2.27.2014

Peran Pemerintah Daerah dalam Penaatan Hukum Lingkungan

Usaha dan/atau kegiatan (ilustrasi/net)
Sistem perundang-undangan perlindungan dan pengelolaan lingkungan hidup secara lengkap memuat berbagai ketentuan hukum, baik hukum administrasi, hukum perdata, maupun hukum pidana. Berbagai ketentuan tersebut mempunyai peran penting dalam pendayagunaan berbagai instrumen perlindungan dan pengelolaan lingkungan hidup. Dalam sistem perundang-undangan tersebut Pemerintah (pusat) bersama pemerintah daerah (propinsi dan kabupaten/kota) berbagi peran dalam usaha penaatan hukum lingkungan, atau dengan bahasa lain penegakan hukum lingkungan.
Komponen pertama sistem perundang-undang memuat ketentuan tentang hukum perdata. Ketentuan hukum perdata meliputi penyelesaian sengketa lingkungan hidup di luar pengadilan dan di dalam pengadilan. Penyelesaian sengketa lingkungan hidup di dalam pengadilan meliputi gugatan perwakilan kelompok, hak gugat organisasi lingkungan, ataupun hak gugat pemerintah. Melalui cara tersebut diharapkan selain akan menimbulkan efek jera juga akan meningkatkan kesadaran seluruh pemangku kepentingan tentang betapa pentingnya perlindungan dan pengelolaan lingkungan hidup demi kehidupan generasi masa kini dan masa depan.
Komponen kedua sistem perundang-undang memuat ketentuan tentang hukum pidana.
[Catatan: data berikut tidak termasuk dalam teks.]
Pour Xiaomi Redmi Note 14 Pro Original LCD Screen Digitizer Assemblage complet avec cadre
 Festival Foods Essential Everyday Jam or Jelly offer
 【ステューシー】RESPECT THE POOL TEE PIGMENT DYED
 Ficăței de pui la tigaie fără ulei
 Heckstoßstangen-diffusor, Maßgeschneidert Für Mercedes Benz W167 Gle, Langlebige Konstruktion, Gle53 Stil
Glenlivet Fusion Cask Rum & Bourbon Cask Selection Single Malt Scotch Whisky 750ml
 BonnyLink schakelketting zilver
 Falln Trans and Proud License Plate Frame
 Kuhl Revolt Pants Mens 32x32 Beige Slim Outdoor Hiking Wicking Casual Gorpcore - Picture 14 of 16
Penegakan hukum pidana dalam undang-undang ini memperkenalkan ancaman hukuman minimum di samping maksimum, perluasan alat bukti, pemidanaan bagi pelanggaran baku mutu, keterpaduan penegakan hukum pidana, dan pengaturan tindak pidana korporasi. Penegakan hukum pidana lingkungan tetap memperhatikan asas ultimum remedium yang mewajibkan penerapan penegakan hukum pidana sebagai upaya terakhir setelah penerapan penegakan hukum administrasi dianggap tidak berhasil. Penerapan asas ultimum remedium ini hanya berlaku bagi tindak pidana formil tertentu, yaitu pemidanaan terhadap pelanggaran baku mutu air limbah, emisi, dan gangguan.
Salah satu bentuk ketentuan pidana tertuang dalam ketentuan pasal 109 Undang undang nomor 32 tahun 2009 tentang perlindungan dan pengelolaan lingkungan hidup dinyatakan bahwa Setiap orang yang melakukan usaha dan/atau kegiatan tanpa memiliki izin lingkungan sebagaimana dimaksud dalam Pasal 36 ayat (1), dipidana dengan pidana penjara paling singkat 1 (satu) tahun dan paling lama 3 (tiga) tahun dan denda paling sedikit Rp1.000.000.000,00 (satu miliar rupiah) dan paling banyak Rp3.000.000.000,00 (tiga miliar rupiah). Beberapa ketentuan lain juga mengatur ketentuan – ketentuan pidana sesuai dengan tingkat pelanggaran yang terjadi.
Komponen terakhir sistem perundang-undang memuat ketentuan tentang hukum adminstrasi. Penegakan hukum administratif di bidang perlindungan dan pengelolaan lingkungan hidup didasarkan atas dua instrumen penting, yaitu pengawasan dan penerapan sanksi administratif. Pengawasan dilakukan untuk mengetahui tingkat ketaatan penanggung jawab usaha dan/atau kegiatan terhadap perizinan lingkungan, perizinan perlindungan dan pengelolaan lingkungan hidup dan ketentuan peraturan perundang undangan di bidang perlindungan dan pengelolaan lingkungan hidup. Sanksi adminsitratif diberlakukan terhadap segala jenis pelanggaran terhadap tiga tool perizinan/ketentuan sebagaimana tersebut di atas.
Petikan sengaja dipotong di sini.